## WORK INSTRUCTIONS
Locate the line that contains "Cookies with strawberry jam - heart". Reproduce it and all following lines up to the end of the material, exactly and with nothing added.

## GIVEN DATA
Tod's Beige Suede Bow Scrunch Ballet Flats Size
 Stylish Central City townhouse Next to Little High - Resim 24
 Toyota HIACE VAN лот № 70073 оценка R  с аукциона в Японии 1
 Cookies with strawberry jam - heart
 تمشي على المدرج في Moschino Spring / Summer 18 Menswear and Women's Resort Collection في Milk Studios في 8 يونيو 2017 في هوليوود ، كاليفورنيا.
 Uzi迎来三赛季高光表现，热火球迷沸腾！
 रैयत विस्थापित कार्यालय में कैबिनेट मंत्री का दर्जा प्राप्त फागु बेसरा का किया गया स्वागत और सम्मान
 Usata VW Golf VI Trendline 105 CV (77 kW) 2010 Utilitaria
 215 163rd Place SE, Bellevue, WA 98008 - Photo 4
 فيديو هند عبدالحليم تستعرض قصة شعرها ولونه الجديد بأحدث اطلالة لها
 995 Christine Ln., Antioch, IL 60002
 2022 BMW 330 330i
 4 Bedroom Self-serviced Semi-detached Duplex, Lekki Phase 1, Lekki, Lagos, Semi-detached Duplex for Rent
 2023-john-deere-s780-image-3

## WRITTEN SOLUTION
 Cookies with strawberry jam - heart
 تمشي على المدرج في Moschino Spring / Summer 18 Menswear and Women's Resort Collection في Milk Studios في 8 يونيو 2017 في هوليوود ، كاليفورنيا.
 Uzi迎来三赛季高光表现，热火球迷沸腾！
 रैयत विस्थापित कार्यालय में कैबिनेट मंत्री का दर्जा प्राप्त फागु बेसरा का किया गया स्वागत और सम्मान
 Usata VW Golf VI Trendline 105 CV (77 kW) 2010 Utilitaria
 215 163rd Place SE, Bellevue, WA 98008 - Photo 4
 فيديو هند عبدالحليم تستعرض قصة شعرها ولونه الجديد بأحدث اطلالة لها
 995 Christine Ln., Antioch, IL 60002
 2022 BMW 330 330i
 4 Bedroom Self-serviced Semi-detached Duplex, Lekki Phase 1, Lekki, Lagos, Semi-detached Duplex for Rent
 2023-john-deere-s780-image-3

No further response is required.